Mike Lenzly

Personal information
- Born: 1 May 1981 (age 44) Oxford, England
- Listed height: 1.89 m (6 ft 2 in)
- Listed weight: 85 kg (187 lb)

Career information
- High school: Lovejoy (Hampton, Georgia)
- College: Wofford (1999–2003)
- NBA draft: 2003: undrafted
- Playing career: 2003–2013
- Position: Point guard / shooting guard

Career history
- 2003–2004: TBB Trier
- 2004–2005: Ventspils
- 2005–2006: Tenerife CB
- 2006–2007: APOEL
- 2007–2008: Dexia Mons-Hainaut
- 2008–2009: Scafati Basket
- 2009–2012: ČEZ Nymburk
- 2013: S.Oliver Baskets

Career highlights
- FIBA EuroCup All-Star Day (2008); 3× Czech NBL champion (2010–2012); 3× Czech Cup winner (2010–2012); Latvian League champion (2005);

= Mike Lenzly =

British basketball player

Mike Lenzly (born 1 May 1981) is a British former professional basketball player.
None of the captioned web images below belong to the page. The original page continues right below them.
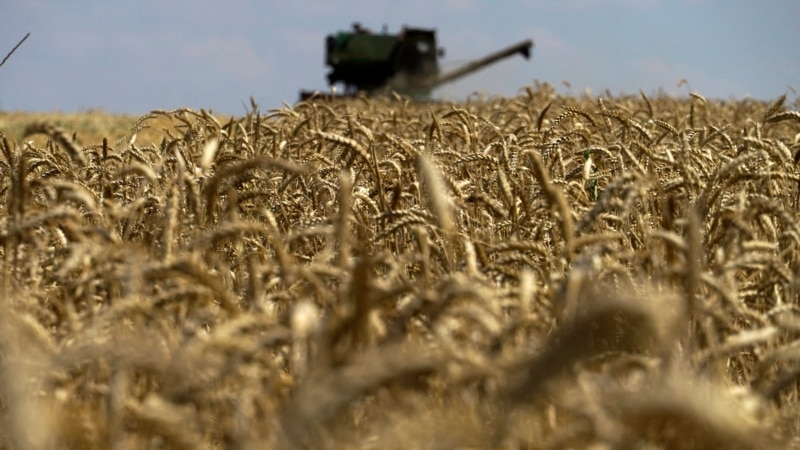 "Gıda Krizini Önlemede Tahıl Girişimin Rolü Kritik"
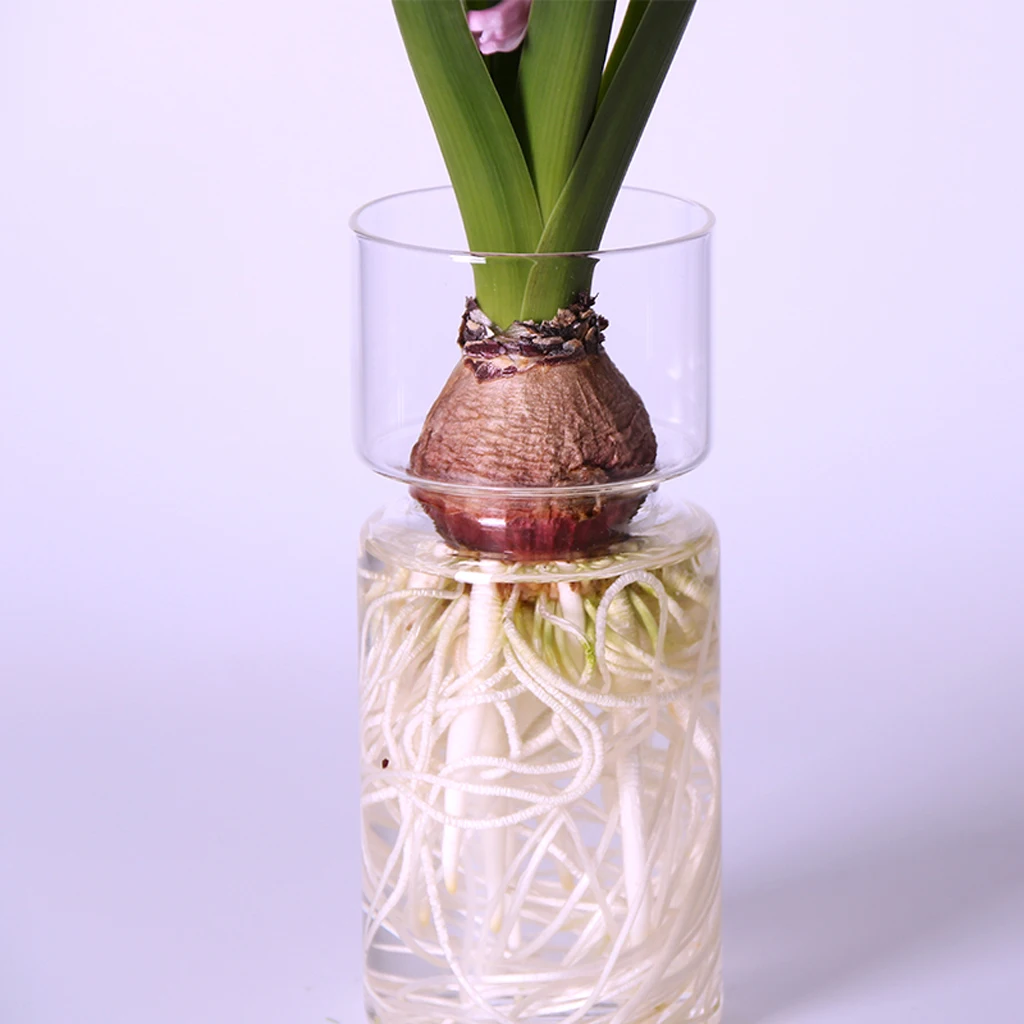 MagiDeal Clear Hyacinth Glass Vase Creative Flower Planter Pot DIY Terrarium Container Decor Art Gift Home Decoration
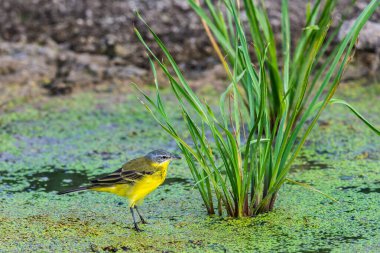 Sarı kuyruklu veya Motacilla flava feldegg vahşi doğada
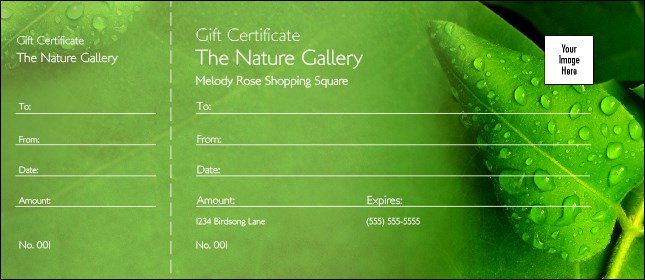 Raindrops Gift Certificate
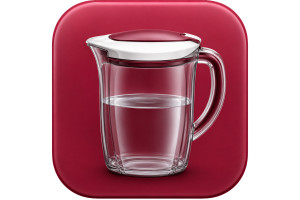Water Jug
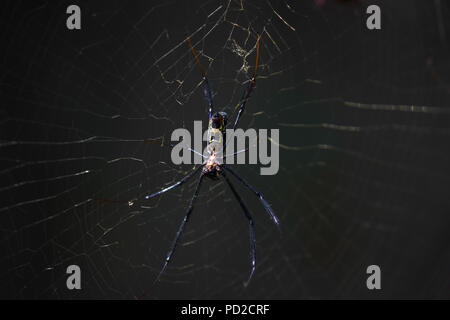 Große Golden Orb Weaver Spider Web (Nephila madan) Stockfoto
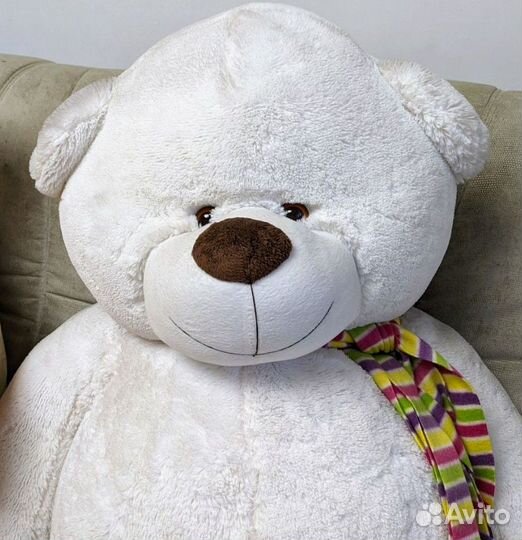 Большой кот и большой медведь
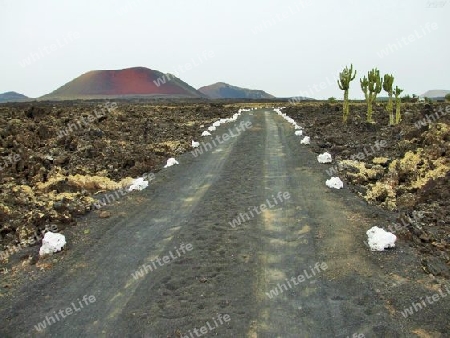 Lanzarote,Stra?e zu den Feuerbergen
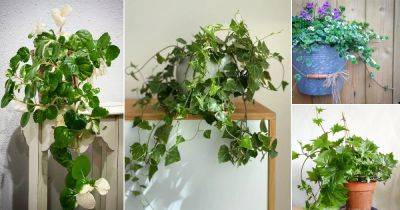 12 Stunning English Ivy Indoor Alternatives | English Ivy Lookalikes - balconygardenweb.com - Britain
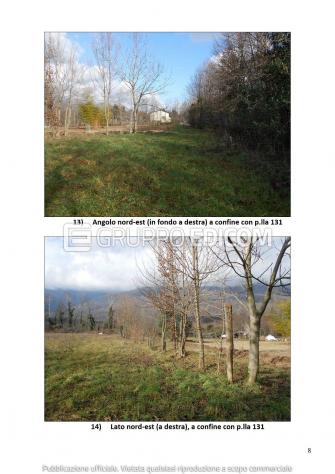 Terreno di 13290 mq in vendita a Aviano - Rif. 4551424 - Foto 8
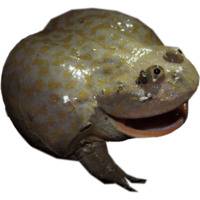Жабки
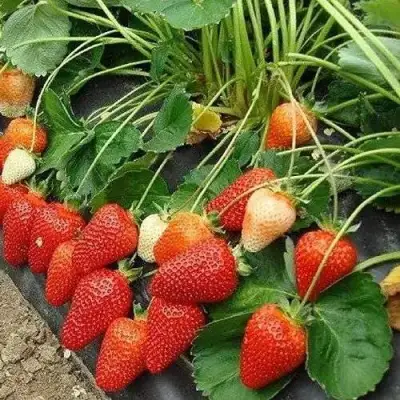 Клубника РОКСАНА в Слониме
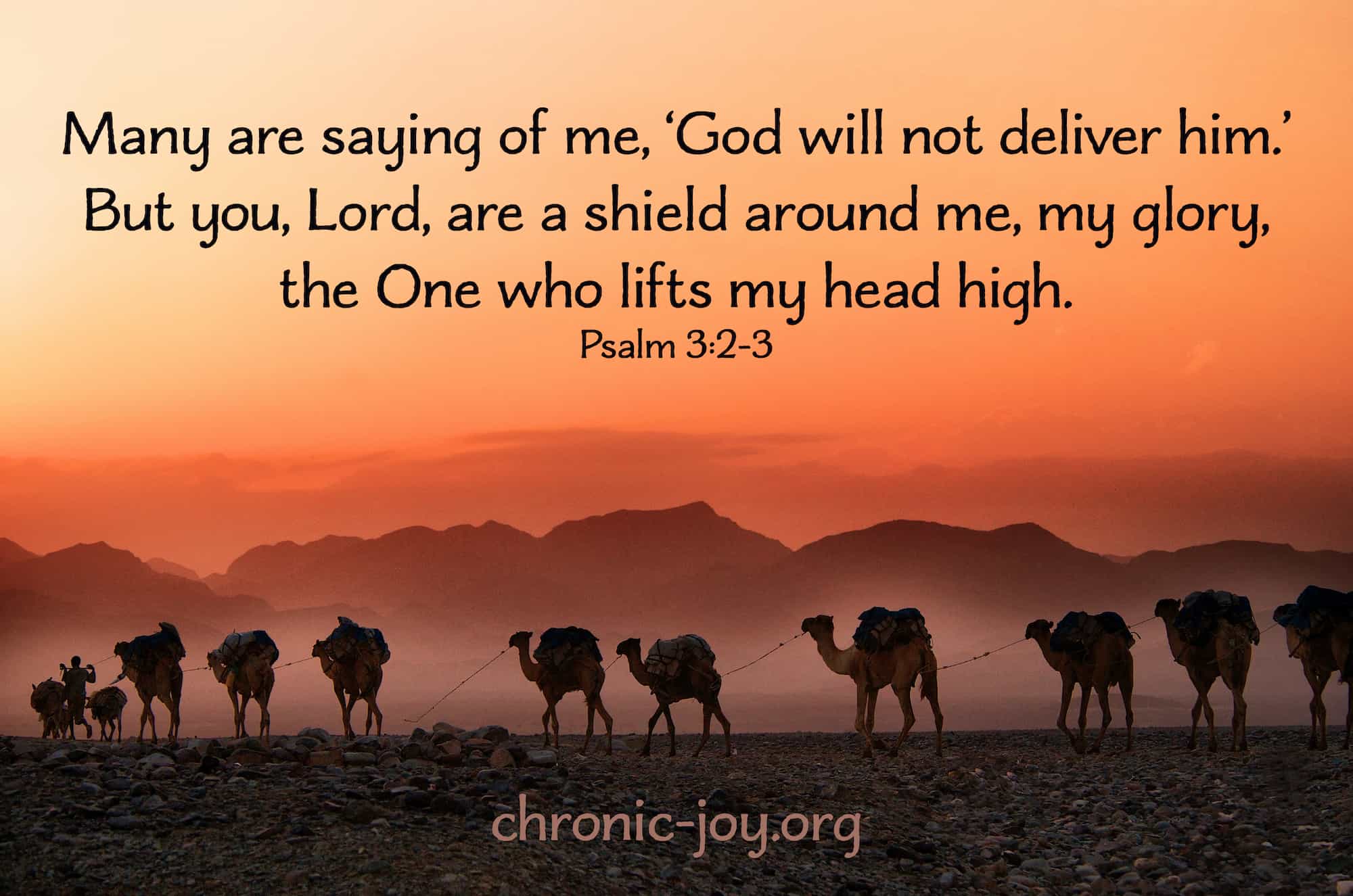Lord, you are my shield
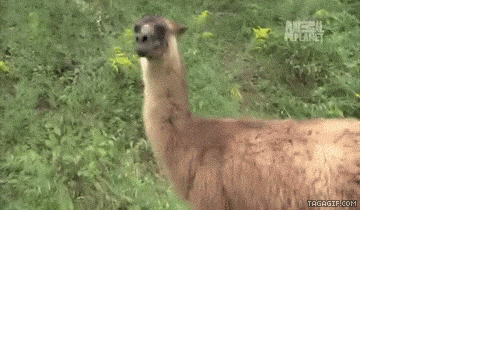 Llamas - 7!!!!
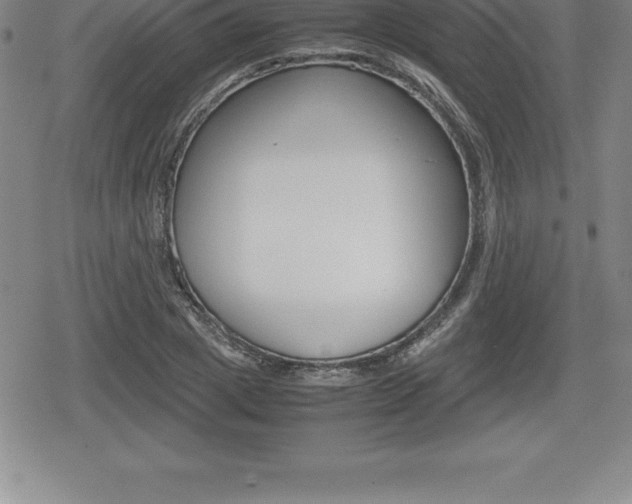 X0000080800833200612151030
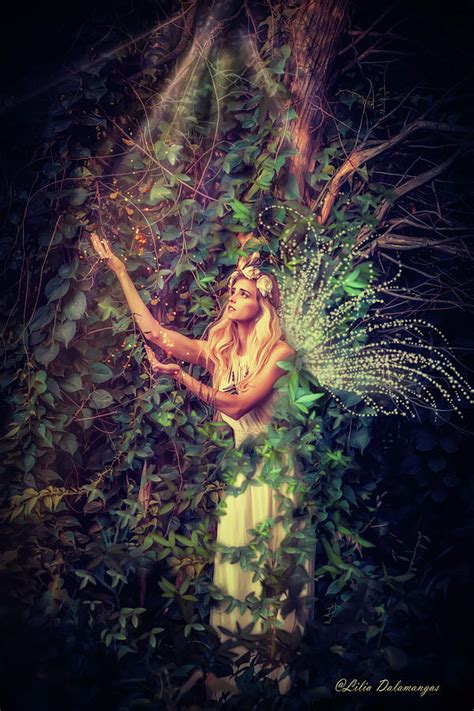 Fairy In The Woods Photograph By Lilia D Fine Art America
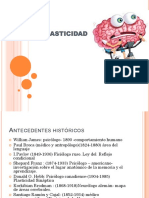 Neuroplasticidad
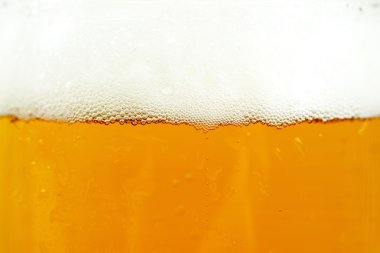 bira ve köpük zemin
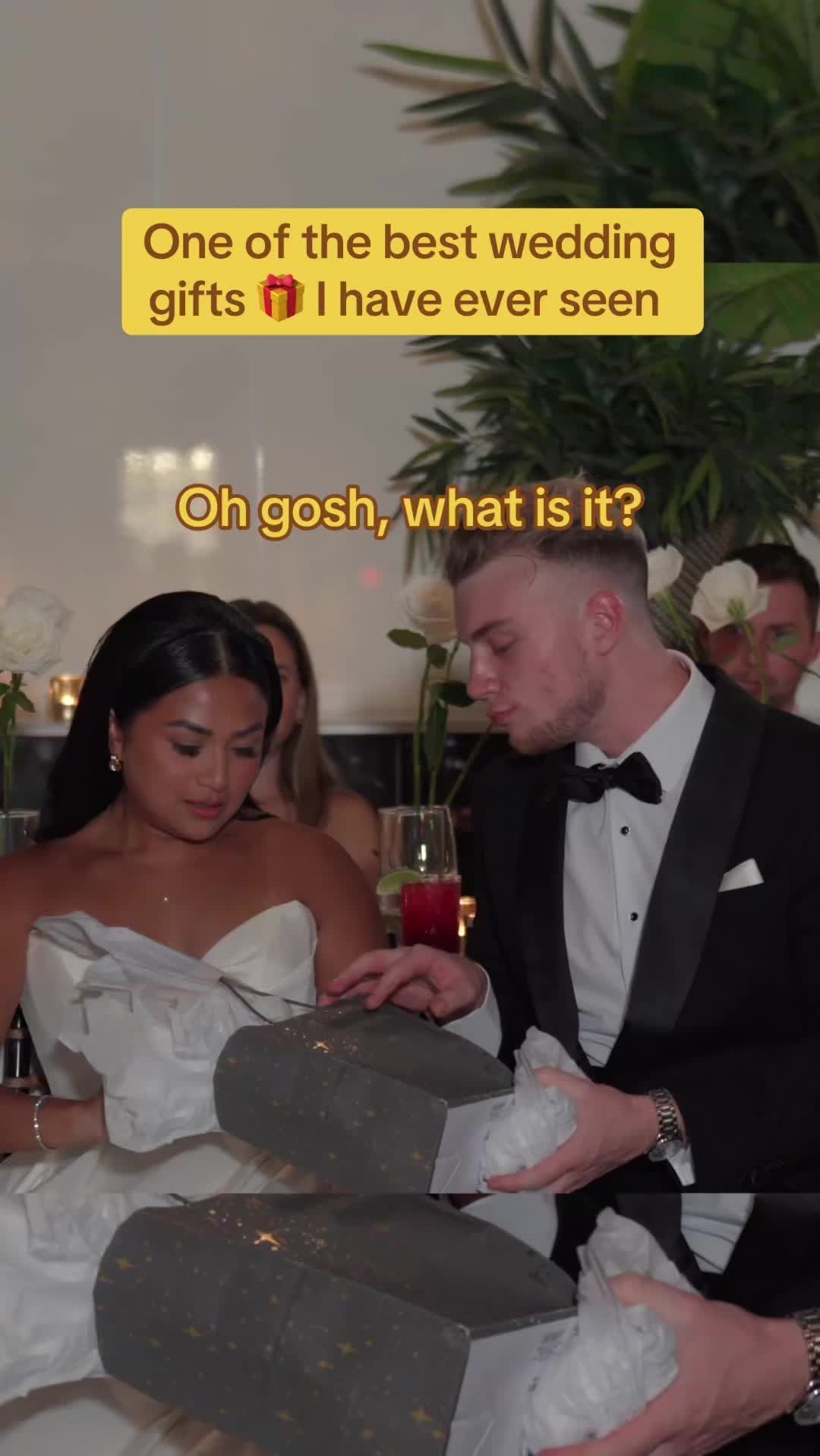 @Virginia Videographer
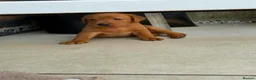 Labrador Retriever dogs for sale: Beautiful KC registered dark red Labrador puppies in York - Advert 20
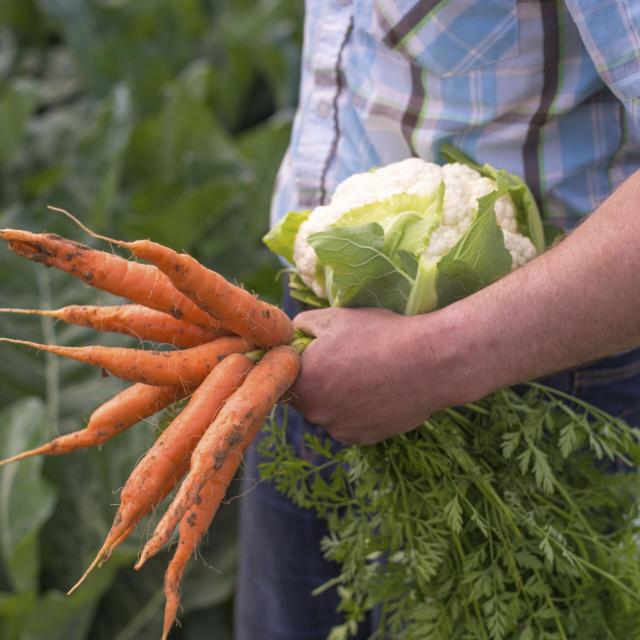 Légumes Bio © CRTC Hauts-de-France - Nicolas Bryant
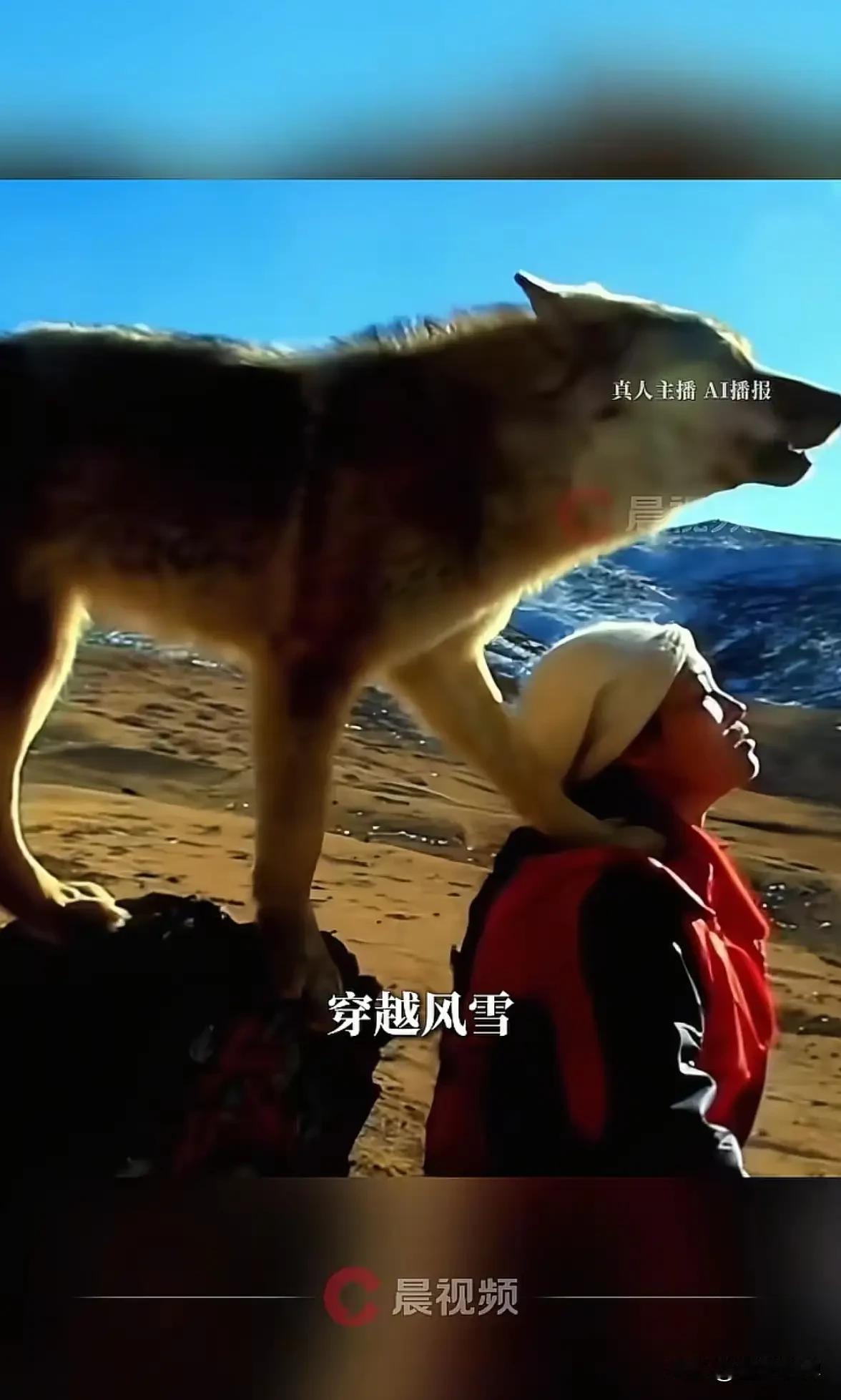 《重返狼群》又回到了人们的视线，那个关于生命、自由与深爱的草原传奇，那只小狼格林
At a height of 1.89 m (6'2 "), he played the point guard and shooting guard positions.

==Career==
===College===
Lenzly attended Wofford College in Spartanburg, South Carolina. He played four seasons for the Terriers, before graduating in 2003. He was selected to the Wofford College Athletics Hall of Fame.

===Professional===
Lenzly played professional basketball for several European clubs. In 2005 he won the Latvian League championship with Ventspils. He was a part of the Dexia Mons-Hainaut team that made the final of the FIBA EuroChallenge's 2007–08 season. With ČEZ Nymburk, he won the Czech League and Czech Cup, in 2010, 2011, and 2012.

===National===
Lenzly was a member of the senior Great Britain national basketball team. He played with the team at the EuroBasket 2009, and averaged 6 points, 1.7 rebounds and 1 assist per tournament game. His best performance was 14 points, scored in the team's first-round loss to Spain. He also played at the EuroBasket 2011 and 2012 London Summer Olympics.